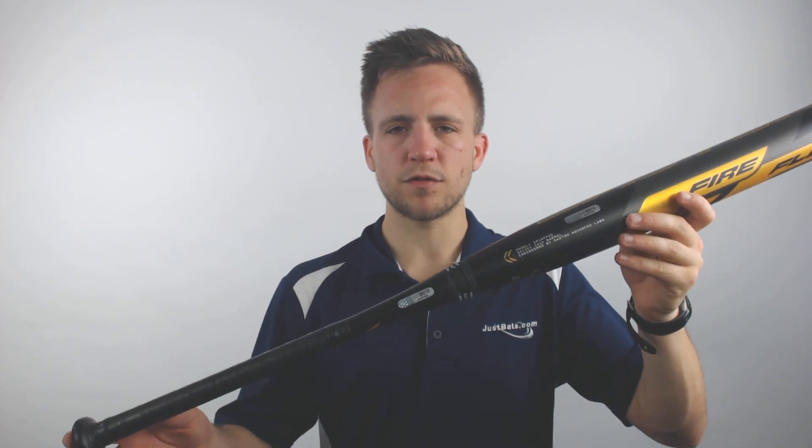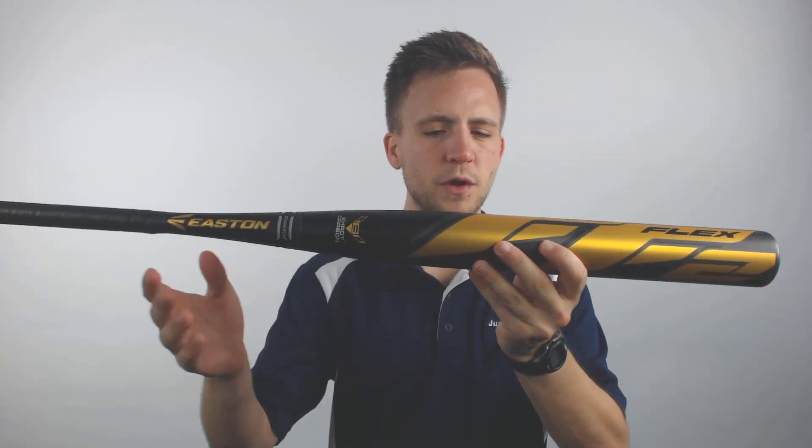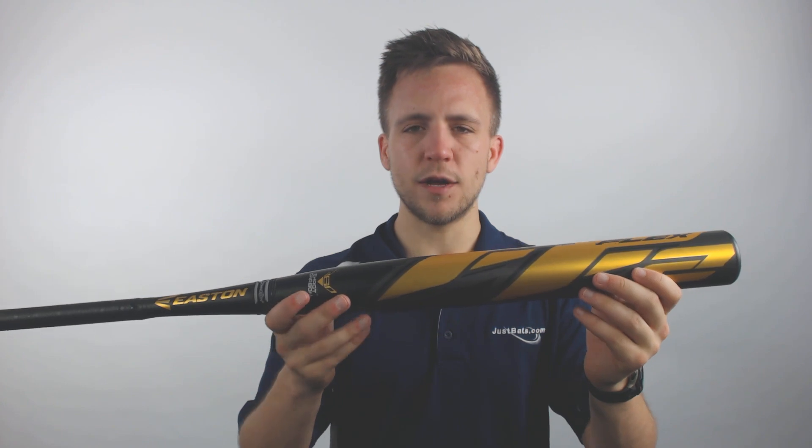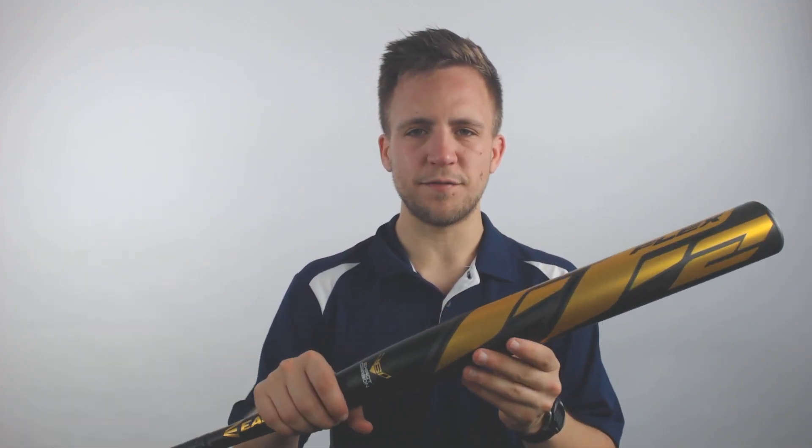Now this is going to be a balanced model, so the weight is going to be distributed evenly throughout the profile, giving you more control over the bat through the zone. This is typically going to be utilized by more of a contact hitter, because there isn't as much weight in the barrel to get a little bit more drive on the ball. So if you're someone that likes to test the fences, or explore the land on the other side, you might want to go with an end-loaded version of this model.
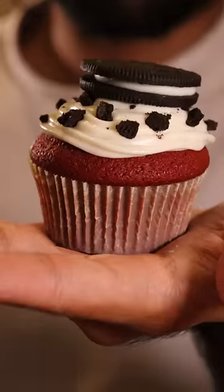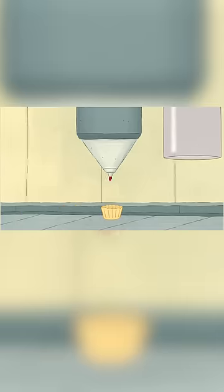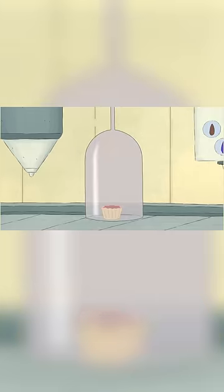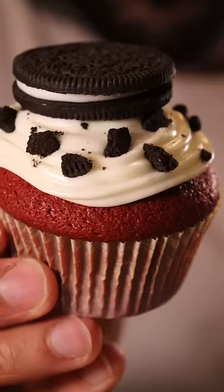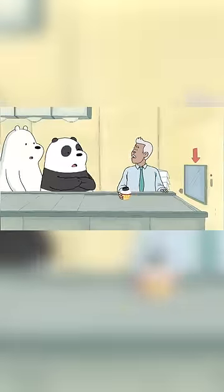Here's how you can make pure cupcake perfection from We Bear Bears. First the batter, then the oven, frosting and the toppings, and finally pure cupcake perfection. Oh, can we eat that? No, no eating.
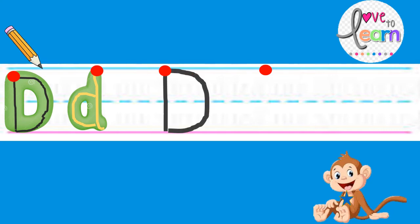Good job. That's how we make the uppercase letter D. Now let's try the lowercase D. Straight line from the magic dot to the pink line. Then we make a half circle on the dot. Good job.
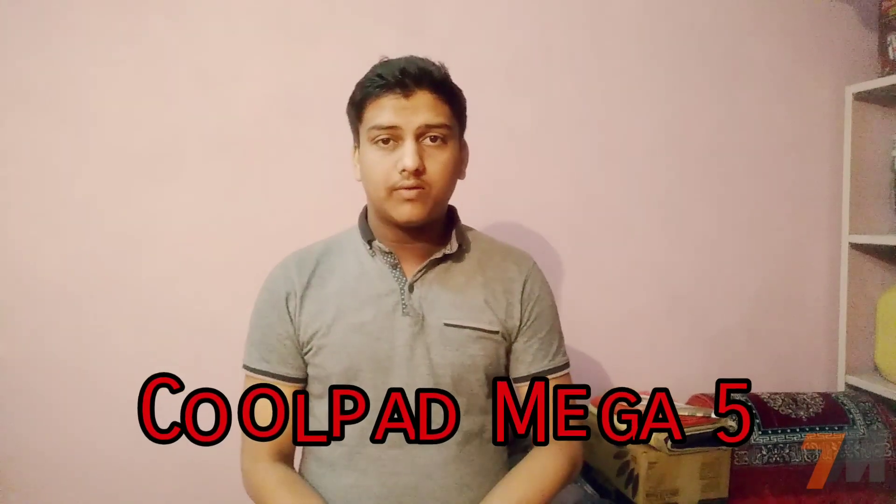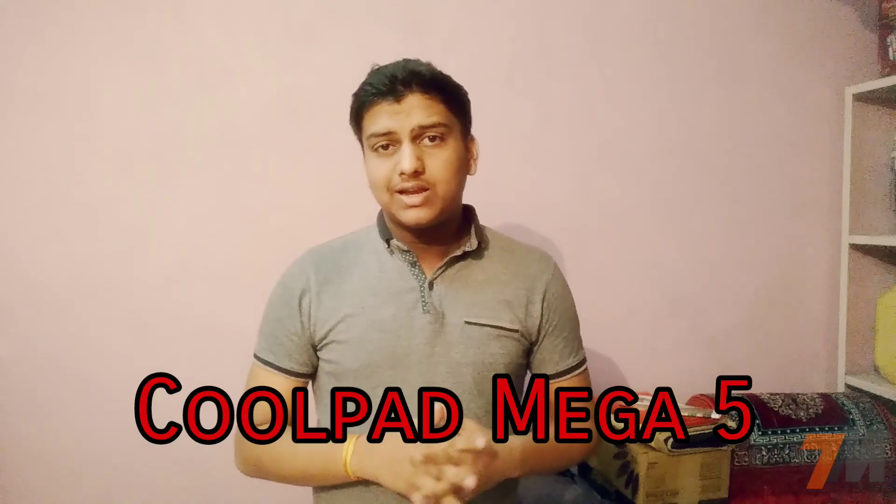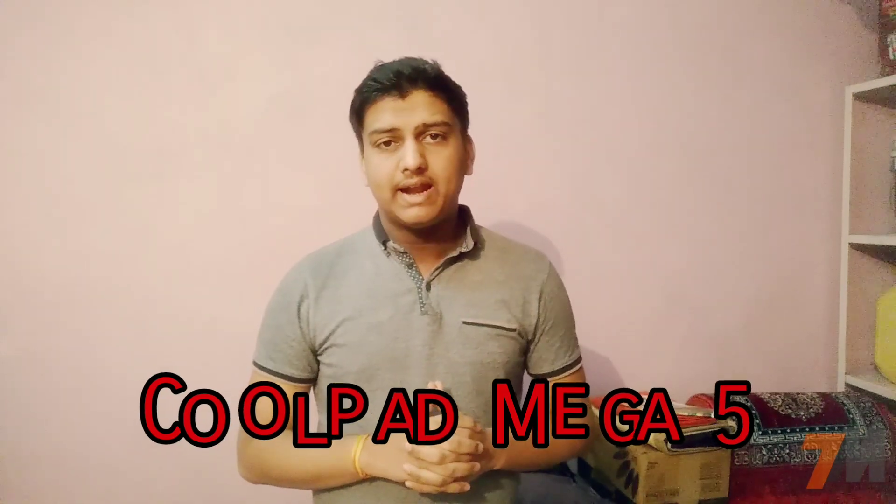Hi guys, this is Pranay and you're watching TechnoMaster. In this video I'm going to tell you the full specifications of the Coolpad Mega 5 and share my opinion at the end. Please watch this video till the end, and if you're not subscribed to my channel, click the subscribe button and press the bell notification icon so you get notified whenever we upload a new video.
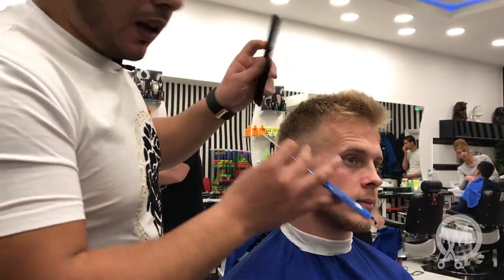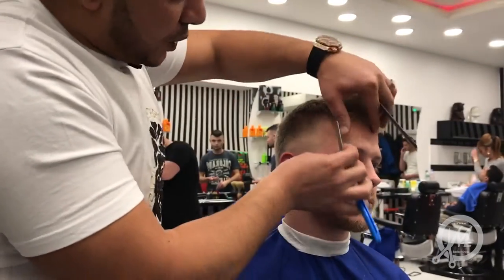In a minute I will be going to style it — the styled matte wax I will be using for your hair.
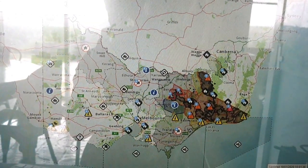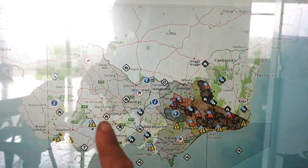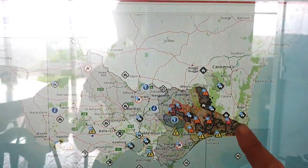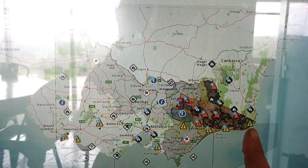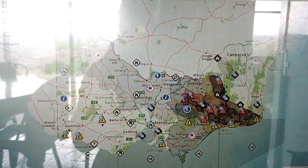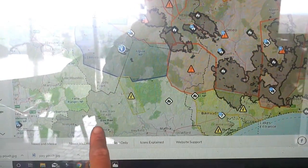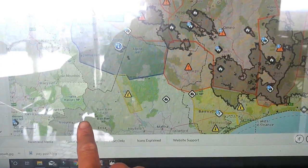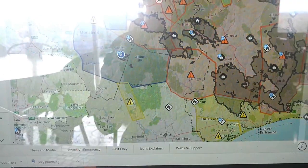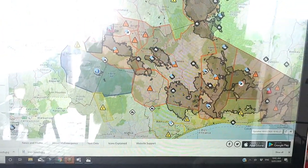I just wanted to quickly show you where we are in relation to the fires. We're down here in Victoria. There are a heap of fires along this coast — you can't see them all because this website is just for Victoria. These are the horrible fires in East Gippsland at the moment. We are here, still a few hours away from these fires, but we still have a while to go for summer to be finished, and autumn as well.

--------------------------------------------------

§ **Task to carry out**: For each entry, copy the text exactly and leave out any image it carries.

§ **Task response**:
Now this is going to be a balanced model, so the weight is going to be distributed evenly throughout the profile, giving you more control over the bat through the zone. This is typically going to be utilized by more of a contact hitter, because there isn't as much weight in the barrel to get a little bit more drive on the ball. So if you're someone that likes to test the fences, or explore the land on the other side, you might want to go with an end-loaded version of this model.
Here's how you can make pure cupcake perfection from We Bear Bears. First the batter, then the oven, frosting and the toppings, and finally pure cupcake perfection. Oh, can we eat that? No, no eating.
Good job. That's how we make the uppercase letter D. Now let's try the lowercase D. Straight line from the magic dot to the pink line. Then we make a half circle on the dot. Good job.
Hi guys, this is Pranay and you're watching TechnoMaster. In this video I'm going to tell you the full specifications of the Coolpad Mega 5 and share my opinion at the end. Please watch this video till the end, and if you're not subscribed to my channel, click the subscribe button and press the bell notification icon so you get notified whenever we upload a new video.
In a minute I will be going to style it — the styled matte wax I will be using for your hair.
I just wanted to quickly show you where we are in relation to the fires. We're down here in Victoria. There are a heap of fires along this coast — you can't see them all because this website is just for Victoria. These are the horrible fires in East Gippsland at the moment. We are here, still a few hours away from these fires, but we still have a while to go for summer to be finished, and autumn as well.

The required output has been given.